18.03.2014 - 20.03.2014 24 °C
Today we leave Hanoi on a comfy, not packed minibus to Halong Bay. If only we had mini busses like this one all through Laos we would have had an amazing experience! This part of the trip was partially financed by Pat's Uncle Jerry, Aunt Paula and cousins Brandon, Ryan and Ashley. Thanks guys!
We arrive at the boat terminal and the guide passed around a menu with choices for our lunch. Uncomfortable looks all around as the only options were:
He finally cracked and started laughing at everyone and passed around the real menu. This one looked a bit better, but it still included jellyfish. Should prove to be an interesting few days!
On the tender as were crusing towards the boat Kate and I came to the realisiation that we have potentially made a big mistake. While we don't "hate people" persay, we certainly don't normally go out of our way to engage in conversations with strangers, and an unfortunate necessary part of cruises is sitting at tables with strangers over every meal making conversation. Eek!
The main draw for Halong Bay is meant to be the spectacular scenery - nearly 2,000 islands jut sharply out of the sea and provide a great backdrop for kayaking, swimming, and just lounging on the sun deck. Unfortunately, visibility today is about 50m with a very very thick fog. We can barely see beyond the edge of the boat and can only faintly make out some of the islands when we come close enough to touch them.

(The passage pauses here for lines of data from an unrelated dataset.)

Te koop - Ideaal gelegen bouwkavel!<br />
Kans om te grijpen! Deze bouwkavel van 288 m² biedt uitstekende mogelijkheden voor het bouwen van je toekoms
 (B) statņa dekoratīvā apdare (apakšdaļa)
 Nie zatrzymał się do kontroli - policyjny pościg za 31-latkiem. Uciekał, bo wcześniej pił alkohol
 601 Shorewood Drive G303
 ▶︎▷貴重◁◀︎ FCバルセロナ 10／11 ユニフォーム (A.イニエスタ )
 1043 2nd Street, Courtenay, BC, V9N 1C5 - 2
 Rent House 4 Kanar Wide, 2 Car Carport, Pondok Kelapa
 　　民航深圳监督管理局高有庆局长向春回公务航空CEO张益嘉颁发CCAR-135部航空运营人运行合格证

The sun deck is saturated from condensation from the air.
Our first meal on the boat was seafood city, much to Kate's dismay. She politely picked at a few things, but it's no Ko Ye. Pat found the food quite nice (as much as he could taste through the congestion anyways). We sat next to another young couple Matias and Kate, also on an extended honeymoon (they're in month four). They're from America and it sounds like they're going to be away for a year or more total. Kate (our Kate) also enjoyed that despite sitting next to us, they avoided engaging us in conversation until conversion was necessary to work out what we were eating. I think kindred spirits...
A few brave souls go out kayaking at our first mooring, but Kate and I decide that with me still sick and the weather cold and foggy, we might hold off. Here's hoping it clears tomorrow! Instead we pottered around the boat and enjoyed a couple of cocktails care of Sarah, Cain, Karla and Eddie.
At dinner we sat with the young couple again and a middle aged German couple, but a different seating arrangement which sparked new conversation. Matias is originally from Argentina, so he ended up spending a good portion of the evening reminiscing about all the beautiful places he's been in Argentina. By the end of the meal, we were convinced and had all but booked our flights to Patagonia. Not won over by the $60 price tags on all the wine from the boat's drink list, we went back to the cabin after dinner to try our Vietnamese bargain bottle. About what you would expect for a $2.50 bottle: not great. Saved the second half to struggle through tomorrow night and turned in.
Having taken a couple night time cold and flu tablets before bed, Pat slept like a rock until about 6am. Kate was a bit less lucky and tossed and turned a bit, and woke up a little grumpy. Not at all like her usual chipper morning self.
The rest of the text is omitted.